Drivers who can not afford insurance usually can not afford to pay for damages they might cause. So if you get hit by an uninsured driver they might not be able to pay you. So you can rely on your insurance to get the money you need to repair the damages. Your insurance can then try to recover their loss from the uninsured driver.
If you’re in a crash and the other driver is at fault, it’s on them (or more generally, their insurance because that’s what it’s for) to pay for your damages. But if they don’t have insurance, you’d be out of luck.
So your own insurance company can cover you instead for that situation. But of course, they make you pay a bit more for this “feature”.
if your car gets totaled by an uninsured driver, who pays?
They don’t have insurance, so their insurance company won’t pay. The other driver probably doesn’t have any money, and even if they did a lawsuit could take months or years and cost you thousands of dollars to pursue.
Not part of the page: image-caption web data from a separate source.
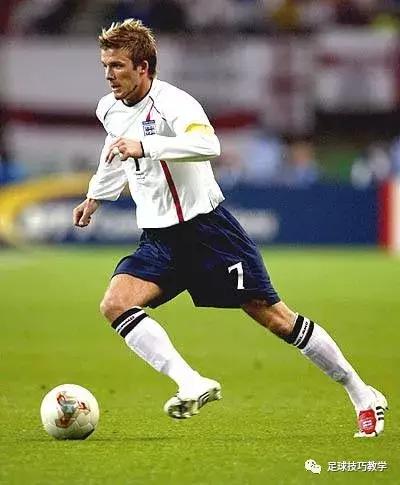 小学生足球带球过人失误,足球带球过人实用教学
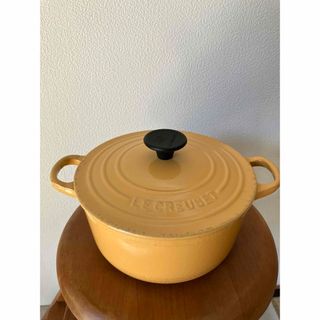 ルクルーゼ(LE CREUSET)の【欠け有り】冷めにくい鍋　ル・クルーゼ　ココットロンド18cm　イエロー(鍋/フライパン)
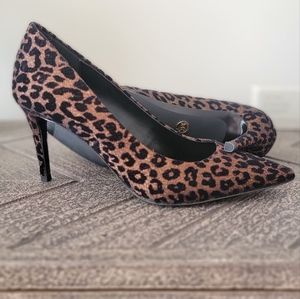 Michael Kors Keke Mid Pump Size8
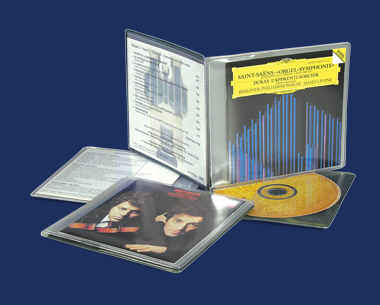 Plusieurs boîtiers et pochettes de protection pour CD et DVD, disposés sur un fond bleu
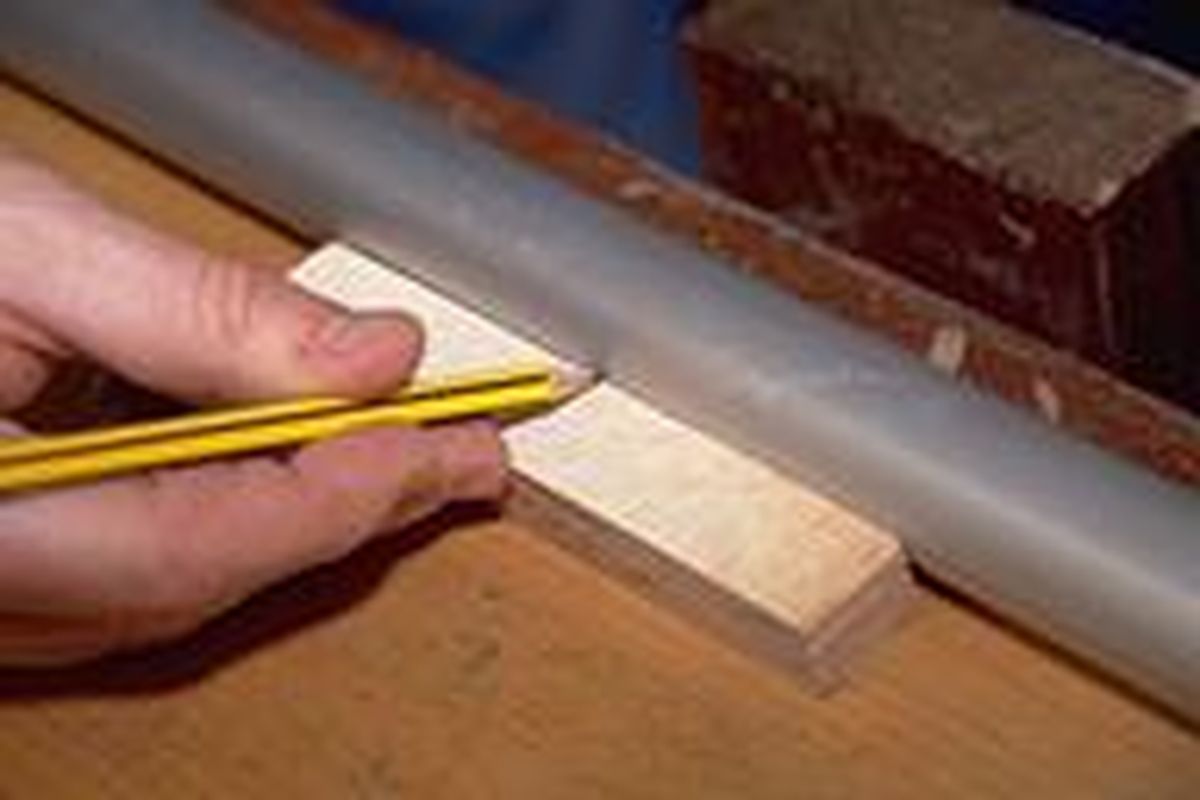 Cómo hacer una estantería de madera y metal paso 2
In the meantime you don’t have a car and can’t get to work.
So the compromise solution is that your insurance company pays you, and then they can sue the other driver, because the insurance company has resources and time to pursue a lawsuit that you do not
If you are to blame for an accident, your insurance is usually on the hook for damage to all the vehicles affected by it.
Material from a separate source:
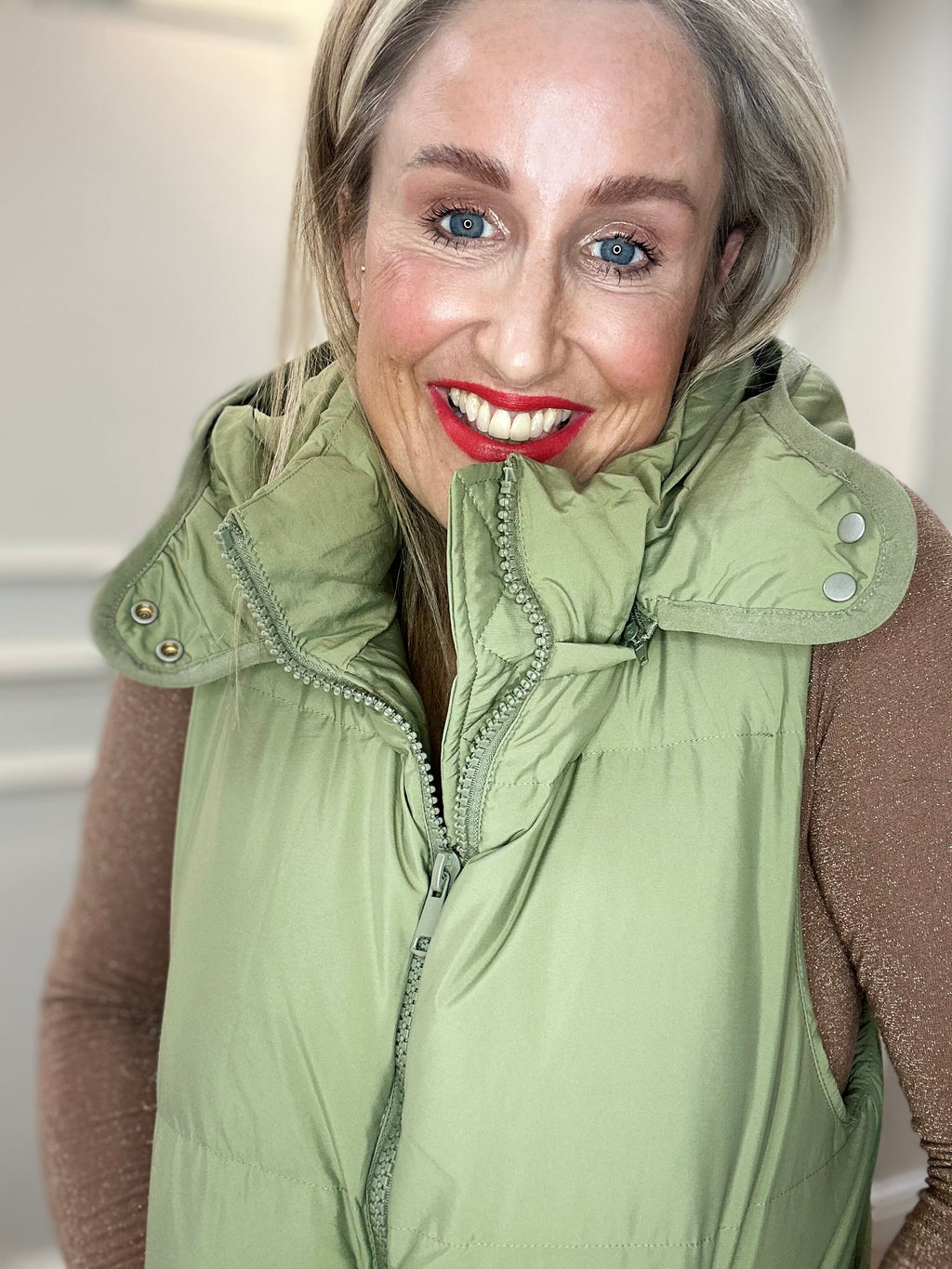 Gena Hooded Puffer Gilet, Khaki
If you are hit by an uninsured driver who can’t afford to pay for the damages you’d be SOL without either your insurer being prepared to step up or having this additional insurance to protect you from that situation.
If I hit your car, my insurance pays for the damages. If it’s my fault, my team pays your team.
If you are at fault, your insurance pays me.
If I’m at fault, and I have comprehensive insurance, my insurance pays for you and for me. If I just have liability, then you get paid, and I am on my own to repair my car.
If I am not insured, and I am at fault, you are at risk of getting zero, unless you have the right coverage that covers this situation. That’s where things like uninsured motorist insurance comes in.
Yeah a friend got hit by a kid who didn’t have a license, so technically uninsured. But yeah people do it more than you’d think.
Uninsured is often bundled with Underinsured coverage. This basically protects you if the person at fault doesn’t have the money to pay or the insurance. In AZ where I live the minimum coverage is like $30k so you can imagine how someone with minimum coverage will not be able to cover everyone in a multi car accident. While you can go after their assets people with that coverage often don’t have assets.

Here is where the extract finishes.